Any sanctions are a dead end, he added noting that "they do no solve anything, and in such cases — only exacerbate problems." "Responsibility for all Ukrainian grievance lies with Kiev that again and again chooses escalation of emotions and actions instead of reconciliation and accords," the lawmaker said.
Kosachev also expressed surprise over the fact that he was included in the sanctions list as head of Rossotrudnichestvo government agency though he left this post nine months ago. "A child could have been born while Ukrainian strategists were pondering. And it is not about swiftness but rather about unawareness, then the level in incompetence of those who governs Ukraine today should finally alarm Ukrainians themselves," the senator wrote.
On the other hand, Kosachev noted, since sanctions are introduced against him "as a Russian parliamentarian then there is still a chance for inter-parliamentarian dialogue with Ukraine." "And it is our mission, which we are ready for here in the Federation Council," he stressed.
Kosachev noted that he is content with Ukrainian authorities’ assessment of Rossotrudnichestvo activities. "[Ukrainian President Pyotr] Poroshenko’s verdict confirms that our ideas on promoting the Russian language, Russian education and our national culture in Ukraine that the agency has been generating over all this time, are effective and they work," he said.
On Wednesday, Poroshenko approved Ukraine’s sanction list against 105 companies. Among them are Russian flag carrier Aeroflot and other air carriers Transaero, Ural Airlines, Siberia and Orenburg Airline, Gazpromavia Airline, Gazprombank, Bank of Moscow, antivirus software producer Kaspersky Laboratory and its Ukraine’s subsidiary.
The list includes the Novorossiya civil movement, the Oplot organization, the Prizrak and Somali brigades as well as a number of charity Christian foundations.
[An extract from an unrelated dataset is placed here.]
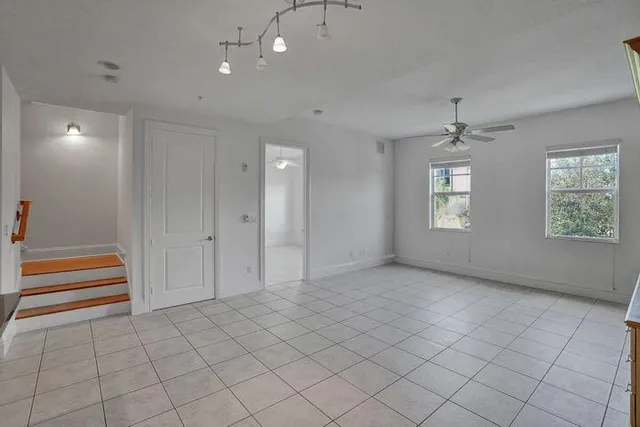 an empty room with windows and closet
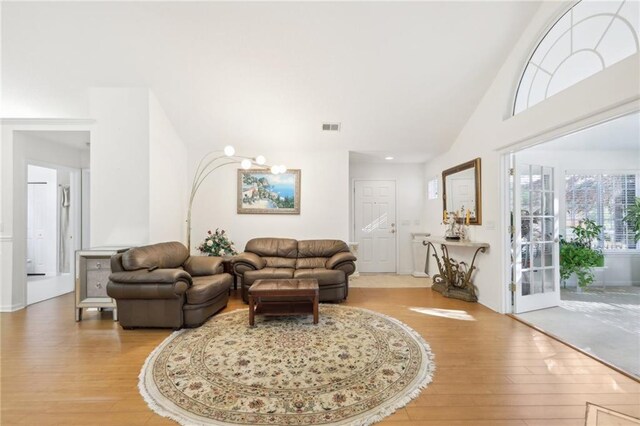 living room with light wood-type flooring and lofted ceiling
Poroshenko also approved the inclusion of 388 people in Ukraine’s sanctions list, including Alexander Brod, director of the Moscow-based human rights bureau and a member of the Council for Civil Society Development and Human Rights operating under the Russian president; Russian president’s adviser, Sergey Glazyev; Russian Children’s Rights Ombudsman Pavel Astakhov and Konstantin Kosachev, the head of the Russian Federation Council Committee for International Affairs.